The company’s management announced the introduction of artificial intelligence into PayPal’s activities, and it will be used in almost all divisions (front and back offices, legal department, marketing), which will significantly reduce costs and improve profitability.
Given the new input data, as well as more positive cost dynamics in 1Q, we lowered our 2023 marketing budget forecast from $2,461m (+9.0% yoy) to $2,011m (-11% yoy) and in 2024 – from $2,771 million (+13% yoy) to $2,560 million (+27.3% yoy). For administrative expenses, the forecast was lowered from $2,519 million (+20% yoy) to $2,121 million (+1% yoy) in 2023 and from $2,836 million (+13% yoy) to $2,367 million (+12% YoY) in 2024.
However, we included restructuring costs related to the implementation of the new strategy in our cost projections and estimated them at $464 million in 2023 and $200 million per year in 2024-2025.
Since the effect of a lower operating costs forecast is stronger than the effect of lower revenue forecast, we raise our EBITDA forecast in 2023 from $6,347m (+23.2% yoy) to $6,396m (+24.1% yoy) and in 2024 year – from $7,679 million (+21.0% yoy) to $7,696 million (+20.3% yoy).
After the post-earnings sell-off, PayPal’s valuation sets new lows; and the yields – new highs
When we get to the valuation side, a huge question arises why PayPal stock is currently valued at such a low price. With a historical adjusted EV/EBITDA multiple of 22.73x, company is now trading at 10.8x FWD EV/EBITDA multiple (or 11.3x FY23 and 9.4x FY24).
At the same time, PayPal peers are much more expensive: Visa (V) is trading at 21x FWD EV/EBITDA and Mastercard (MA) at 24x. Other peers like AFRM or FUTU remain unprofitable.
PayPal’s buyback program for FY23 is $4 bn, which gives a buyback yield of 5.51% at its current market capitalization, which is almost twice that of Coca-Cola’s (KO) FWD dividend yield (2.9%) and even higher than Philip Morris’ (PM) FWD dividend yield of 5.35%.
The numbers speak for themselves – PayPal is currently too cheap and the market doesn’t seem to understand how much of a bargain it is now.
Valuation
We’re evaluating PYPL prices based on 2025 EV/EBITDA multiples and FCF Yield. The fair value price for the shares is $157, which is the average price between EV/EBITDA multiples and FCF Yield and discounted by 13% per annum. Figures depicted below are not discounted. Rating is BUY.
Conclusion
PayPal remains as a well-positioned business with an appropriate strategy and solid prospects. Despite growing results and further potential, the stock is now valued as a cyclical one, or as a business reaching its ceiling. We’re maintaining Strong BUY status for PayPal.
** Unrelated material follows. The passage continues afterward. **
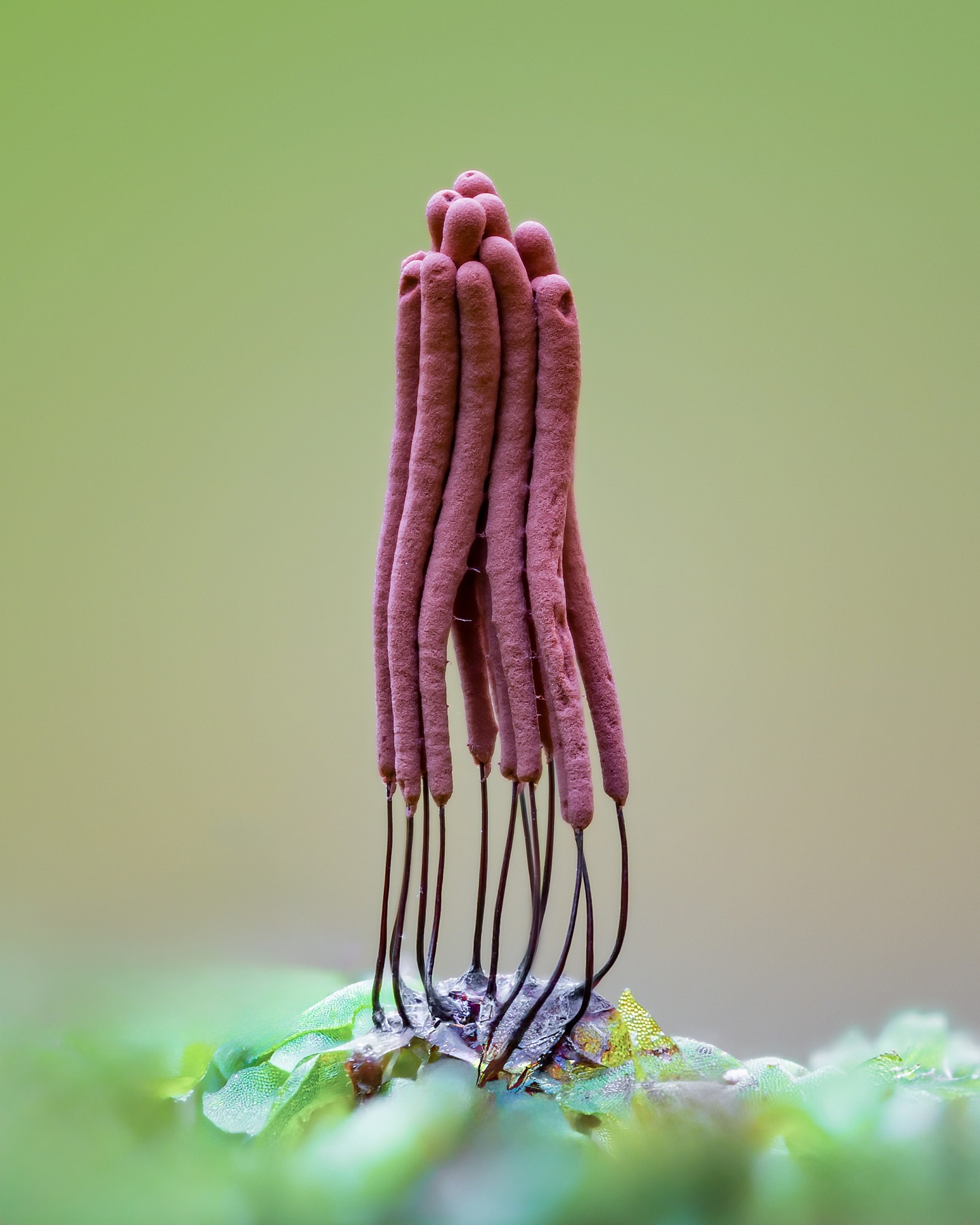 Gemeines Fadenstäubchen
To manage the position, we recommend keeping an eye on the financial statements of PayPal and its competitors (Visa, Mastercard, Affirm, Square), as well as industry research (McKinsey, Capgemini, Worldpayglobal)
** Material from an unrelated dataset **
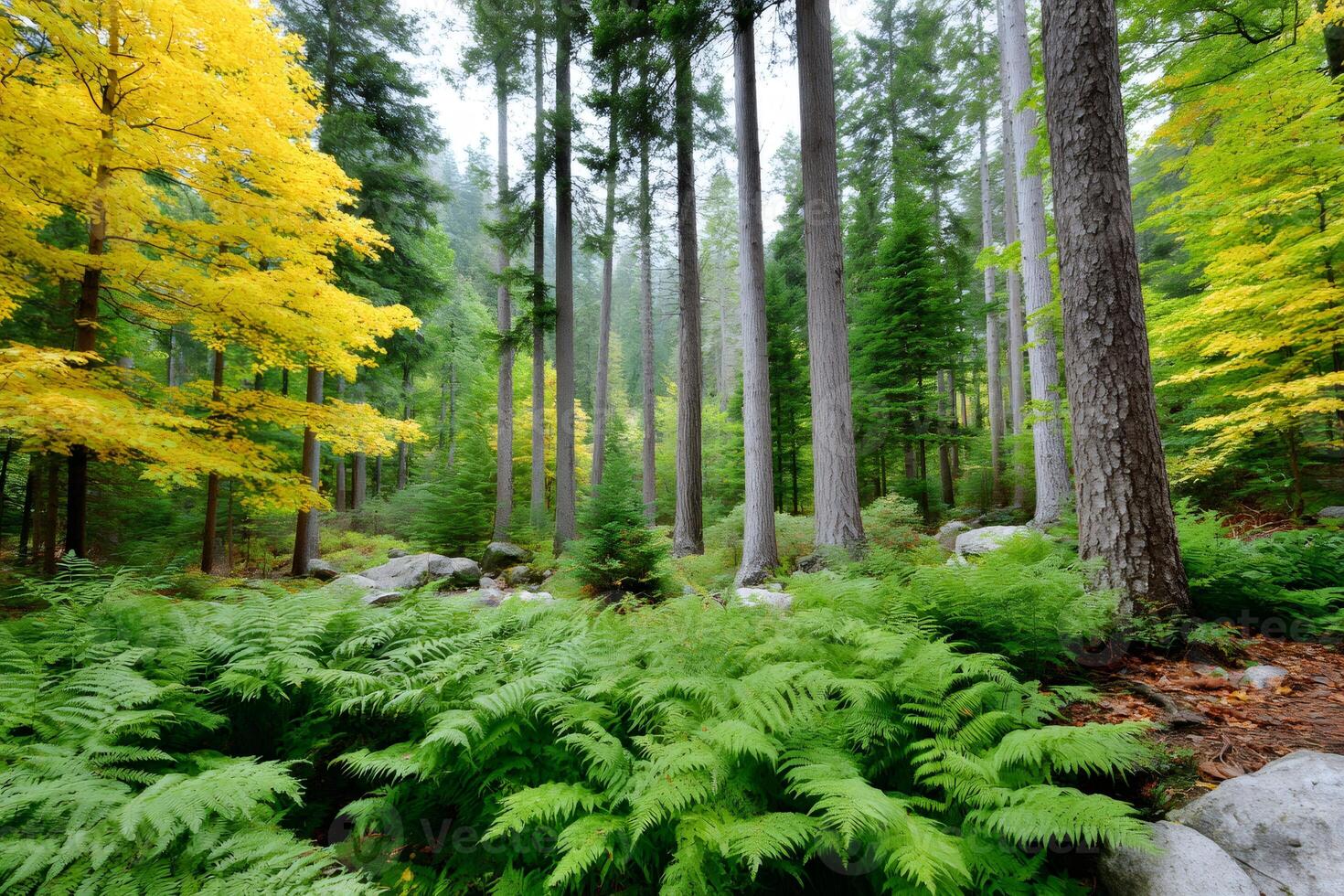 Ferns growing in the forest with autumn colors photo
Analyst’s Disclosure: I/we have no stock, option or similar derivative position in any of the companies mentioned, and no plans to initiate any such positions within the next 72 hours. I wrote this article myself, and it expresses my own opinions. I am not receiving compensation for it (other than from Seeking Alpha). I have no business relationship with any company whose stock is mentioned in this article.